This is definitely not true - it is trivially easy to produce a parser
that accepts any random string. However a non-deterministic language
is essentially useless for communication because most of the space is
meaningless. Grammatic rules exist to limit non-determinism so that
the accepted sub-language is (more) predictable and conveys more
meaning.
This is true even of context sensitive human languages.
>However, I might have been a bit to careless about distinguishing
>grammars from languages.
>
>If you have context-free grammar you can contstruct a PDA from it and
>determine whether it is detmerministic or not. So you can decide with
>a context-free grammar either with a LR(k) parser or PDA whether it
>is deterministic or not.
Not exactly. You can decide whether the grammar represents a language
that can be parsed unambiguously with a given (k), but deciding that
the language is deterministic is a different matter. Ambiguity for a
given (k) does not mean the language is non-deterministic - it may
only mean that more look-ahead is required.
>And as you said, this is trivial if you think about it a bit
>longer. The hard thing (which is undecidable) is, given a context-free
>language, to say if it exist a deterministic context-free grammar for
>it. You can probably automatically infer a context-free grammar, but it
>seems that you can't be sure that no deterministic context-free grammar
>exists for it (probably this is proven for grammatical inference).
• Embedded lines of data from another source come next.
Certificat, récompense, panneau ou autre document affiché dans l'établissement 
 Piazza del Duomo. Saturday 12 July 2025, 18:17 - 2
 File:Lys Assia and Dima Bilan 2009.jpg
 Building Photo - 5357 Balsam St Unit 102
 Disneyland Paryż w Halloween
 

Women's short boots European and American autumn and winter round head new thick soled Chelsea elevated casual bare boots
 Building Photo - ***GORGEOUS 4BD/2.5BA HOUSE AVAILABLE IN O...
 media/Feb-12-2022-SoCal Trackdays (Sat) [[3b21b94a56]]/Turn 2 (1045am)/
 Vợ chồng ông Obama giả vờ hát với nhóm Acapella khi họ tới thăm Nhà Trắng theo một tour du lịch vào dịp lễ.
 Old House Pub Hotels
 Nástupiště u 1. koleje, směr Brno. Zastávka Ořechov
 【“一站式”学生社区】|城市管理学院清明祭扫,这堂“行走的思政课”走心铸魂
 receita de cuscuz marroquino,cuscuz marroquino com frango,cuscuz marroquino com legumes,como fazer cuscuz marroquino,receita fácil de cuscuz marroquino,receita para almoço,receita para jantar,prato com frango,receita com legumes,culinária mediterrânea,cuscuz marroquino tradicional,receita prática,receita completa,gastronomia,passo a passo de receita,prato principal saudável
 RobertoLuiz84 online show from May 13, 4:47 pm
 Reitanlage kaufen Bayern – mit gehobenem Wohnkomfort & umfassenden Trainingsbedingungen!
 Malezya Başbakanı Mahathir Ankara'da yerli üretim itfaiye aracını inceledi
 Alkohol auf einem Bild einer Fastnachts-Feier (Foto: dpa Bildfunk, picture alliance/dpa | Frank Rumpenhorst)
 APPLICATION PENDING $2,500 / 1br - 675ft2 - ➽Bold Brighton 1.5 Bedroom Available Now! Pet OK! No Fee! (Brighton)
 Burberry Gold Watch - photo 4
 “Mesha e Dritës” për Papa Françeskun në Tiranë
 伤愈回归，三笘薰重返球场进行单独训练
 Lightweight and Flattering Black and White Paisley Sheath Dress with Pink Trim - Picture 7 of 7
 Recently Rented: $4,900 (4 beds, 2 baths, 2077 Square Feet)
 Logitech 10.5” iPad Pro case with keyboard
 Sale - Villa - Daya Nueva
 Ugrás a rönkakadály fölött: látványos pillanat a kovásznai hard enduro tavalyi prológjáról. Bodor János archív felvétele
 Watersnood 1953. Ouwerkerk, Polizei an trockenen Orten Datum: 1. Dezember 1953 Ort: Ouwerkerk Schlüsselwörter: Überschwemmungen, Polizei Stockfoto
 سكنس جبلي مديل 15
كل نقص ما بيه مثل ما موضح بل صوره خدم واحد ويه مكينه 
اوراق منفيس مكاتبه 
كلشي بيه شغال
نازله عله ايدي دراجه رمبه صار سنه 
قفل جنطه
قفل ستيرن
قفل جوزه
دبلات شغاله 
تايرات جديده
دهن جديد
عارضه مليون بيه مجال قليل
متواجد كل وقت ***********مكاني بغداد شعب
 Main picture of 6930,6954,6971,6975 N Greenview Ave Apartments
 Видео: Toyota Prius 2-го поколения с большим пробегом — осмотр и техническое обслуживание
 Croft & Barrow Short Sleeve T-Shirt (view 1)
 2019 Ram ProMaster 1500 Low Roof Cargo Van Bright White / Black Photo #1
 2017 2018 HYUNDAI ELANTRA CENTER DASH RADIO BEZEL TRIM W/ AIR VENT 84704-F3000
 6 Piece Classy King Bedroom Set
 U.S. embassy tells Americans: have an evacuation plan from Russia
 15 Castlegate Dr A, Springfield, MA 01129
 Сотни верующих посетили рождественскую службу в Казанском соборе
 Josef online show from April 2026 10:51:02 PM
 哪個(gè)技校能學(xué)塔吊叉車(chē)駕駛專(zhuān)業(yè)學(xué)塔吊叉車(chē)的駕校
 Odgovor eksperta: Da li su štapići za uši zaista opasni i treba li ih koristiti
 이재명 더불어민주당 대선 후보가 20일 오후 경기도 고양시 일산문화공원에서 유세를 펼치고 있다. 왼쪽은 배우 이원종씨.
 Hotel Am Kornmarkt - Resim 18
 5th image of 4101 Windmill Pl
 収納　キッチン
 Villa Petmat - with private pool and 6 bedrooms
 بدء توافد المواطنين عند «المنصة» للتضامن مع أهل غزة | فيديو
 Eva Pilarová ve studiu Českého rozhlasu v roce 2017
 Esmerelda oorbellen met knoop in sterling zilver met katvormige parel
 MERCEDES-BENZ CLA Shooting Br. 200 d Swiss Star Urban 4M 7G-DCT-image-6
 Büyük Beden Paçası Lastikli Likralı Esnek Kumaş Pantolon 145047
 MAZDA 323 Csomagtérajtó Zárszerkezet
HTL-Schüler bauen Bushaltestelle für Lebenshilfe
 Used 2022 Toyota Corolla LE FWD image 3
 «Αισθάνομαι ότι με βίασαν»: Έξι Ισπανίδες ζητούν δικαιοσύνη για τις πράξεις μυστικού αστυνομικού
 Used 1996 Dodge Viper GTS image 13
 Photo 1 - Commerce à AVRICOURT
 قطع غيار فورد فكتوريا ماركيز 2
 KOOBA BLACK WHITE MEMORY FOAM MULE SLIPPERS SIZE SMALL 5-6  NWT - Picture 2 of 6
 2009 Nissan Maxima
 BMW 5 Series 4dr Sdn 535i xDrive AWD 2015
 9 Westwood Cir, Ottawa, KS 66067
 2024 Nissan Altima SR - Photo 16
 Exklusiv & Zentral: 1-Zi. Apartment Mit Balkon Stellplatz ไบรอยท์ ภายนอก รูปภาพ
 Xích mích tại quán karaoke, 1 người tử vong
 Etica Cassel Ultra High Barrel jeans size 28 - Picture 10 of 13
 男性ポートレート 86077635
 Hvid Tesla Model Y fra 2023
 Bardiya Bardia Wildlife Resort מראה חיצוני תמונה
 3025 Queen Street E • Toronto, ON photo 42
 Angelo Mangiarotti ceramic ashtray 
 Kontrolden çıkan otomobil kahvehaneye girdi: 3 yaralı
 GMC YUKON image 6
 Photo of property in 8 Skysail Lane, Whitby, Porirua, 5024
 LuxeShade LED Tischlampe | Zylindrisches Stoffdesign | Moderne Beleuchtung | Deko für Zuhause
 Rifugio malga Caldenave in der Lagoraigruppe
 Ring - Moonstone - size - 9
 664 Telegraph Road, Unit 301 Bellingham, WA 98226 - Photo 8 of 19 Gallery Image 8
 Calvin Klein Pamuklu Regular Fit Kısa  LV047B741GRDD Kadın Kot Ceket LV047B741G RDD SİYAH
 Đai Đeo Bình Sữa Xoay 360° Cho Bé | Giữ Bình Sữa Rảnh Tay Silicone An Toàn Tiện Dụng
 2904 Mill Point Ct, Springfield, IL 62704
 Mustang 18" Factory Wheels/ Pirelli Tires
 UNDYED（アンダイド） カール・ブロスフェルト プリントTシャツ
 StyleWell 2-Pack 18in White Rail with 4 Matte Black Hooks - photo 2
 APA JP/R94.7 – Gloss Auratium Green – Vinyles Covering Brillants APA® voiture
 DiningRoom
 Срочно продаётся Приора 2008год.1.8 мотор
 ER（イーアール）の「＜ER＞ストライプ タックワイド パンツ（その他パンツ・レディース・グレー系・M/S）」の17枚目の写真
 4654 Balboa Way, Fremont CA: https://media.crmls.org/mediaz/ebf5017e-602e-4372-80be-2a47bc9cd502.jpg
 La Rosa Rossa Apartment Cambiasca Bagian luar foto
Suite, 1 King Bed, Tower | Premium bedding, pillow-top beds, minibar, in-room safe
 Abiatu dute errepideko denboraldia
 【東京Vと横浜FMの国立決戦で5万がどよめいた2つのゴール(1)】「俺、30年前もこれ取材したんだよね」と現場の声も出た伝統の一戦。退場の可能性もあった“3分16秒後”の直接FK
It's not really "undecidable" in the theoretical sense - but it is
"NP" hard which means getting an answer may require infinite time or
resources to compute.
In theory all you need to do generate a test language from the grammar
and compare it for equality with the original language. Generating
any particular string takes polynomic time, so generating the entire
possible language also takes (larger) polynomic time. Testing each
string also takes polynomic time, so comparing the languages is also
polynomic. But being polynomic does not exclude very large or
infinite terms, so in practice it is impractically hard to test any
but very simple grammars.
The reverse - inputting all strings from the language and verifying
that a parser recognizes them - does not work. The grammar used to
create the parser could specify a superset of the language, so you'd
also need to verify that all strings not in the language are rejected.